**EXERCISE GOAL**
The records that follow are to be transcribed exactly.

**SOURCE RECORDS**
== Segment start ==
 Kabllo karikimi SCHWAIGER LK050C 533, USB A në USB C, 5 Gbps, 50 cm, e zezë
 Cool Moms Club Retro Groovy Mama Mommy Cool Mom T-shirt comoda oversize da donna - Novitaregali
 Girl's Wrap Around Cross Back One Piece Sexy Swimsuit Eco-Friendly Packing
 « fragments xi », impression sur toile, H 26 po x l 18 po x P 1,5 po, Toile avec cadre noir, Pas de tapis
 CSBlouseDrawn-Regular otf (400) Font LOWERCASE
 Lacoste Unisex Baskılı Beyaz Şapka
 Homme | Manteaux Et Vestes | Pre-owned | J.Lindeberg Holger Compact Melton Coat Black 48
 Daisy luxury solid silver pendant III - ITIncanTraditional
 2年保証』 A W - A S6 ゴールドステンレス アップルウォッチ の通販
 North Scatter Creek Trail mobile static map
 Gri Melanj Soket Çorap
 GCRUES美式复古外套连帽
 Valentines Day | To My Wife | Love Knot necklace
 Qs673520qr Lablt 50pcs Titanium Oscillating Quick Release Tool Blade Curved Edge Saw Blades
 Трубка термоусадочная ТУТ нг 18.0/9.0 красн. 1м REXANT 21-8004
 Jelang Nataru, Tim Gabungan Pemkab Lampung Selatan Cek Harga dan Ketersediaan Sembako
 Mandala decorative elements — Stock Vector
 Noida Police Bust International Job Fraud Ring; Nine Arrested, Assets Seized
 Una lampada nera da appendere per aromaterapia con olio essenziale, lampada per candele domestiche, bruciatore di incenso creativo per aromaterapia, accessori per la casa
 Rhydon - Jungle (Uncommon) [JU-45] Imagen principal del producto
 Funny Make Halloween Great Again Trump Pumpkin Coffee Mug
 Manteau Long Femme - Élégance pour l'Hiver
== Segment end ==
**ANSWER SPACE**
 Kabllo karikimi SCHWAIGER LK050C 533, USB A në USB C, 5 Gbps, 50 cm, e zezë
 Cool Moms Club Retro Groovy Mama Mommy Cool Mom T-shirt comoda oversize da donna - Novitaregali
 Girl's Wrap Around Cross Back One Piece Sexy Swimsuit Eco-Friendly Packing
 « fragments xi », impression sur toile, H 26 po x l 18 po x P 1,5 po, Toile avec cadre noir, Pas de tapis
 CSBlouseDrawn-Regular otf (400) Font LOWERCASE
 Lacoste Unisex Baskılı Beyaz Şapka
 Homme | Manteaux Et Vestes | Pre-owned | J.Lindeberg Holger Compact Melton Coat Black 48
 Daisy luxury solid silver pendant III - ITIncanTraditional
 2年保証』 A W - A S6 ゴールドステンレス アップルウォッチ の通販
 North Scatter Creek Trail mobile static map
 Gri Melanj Soket Çorap
 GCRUES美式复古外套连帽
 Valentines Day | To My Wife | Love Knot necklace
 Qs673520qr Lablt 50pcs Titanium Oscillating Quick Release Tool Blade Curved Edge Saw Blades
 Трубка термоусадочная ТУТ нг 18.0/9.0 красн. 1м REXANT 21-8004
 Jelang Nataru, Tim Gabungan Pemkab Lampung Selatan Cek Harga dan Ketersediaan Sembako
 Mandala decorative elements — Stock Vector
 Noida Police Bust International Job Fraud Ring; Nine Arrested, Assets Seized
 Una lampada nera da appendere per aromaterapia con olio essenziale, lampada per candele domestiche, bruciatore di incenso creativo per aromaterapia, accessori per la casa
 Rhydon - Jungle (Uncommon) [JU-45] Imagen principal del producto
 Funny Make Halloween Great Again Trump Pumpkin Coffee Mug
 Manteau Long Femme - Élégance pour l'Hiver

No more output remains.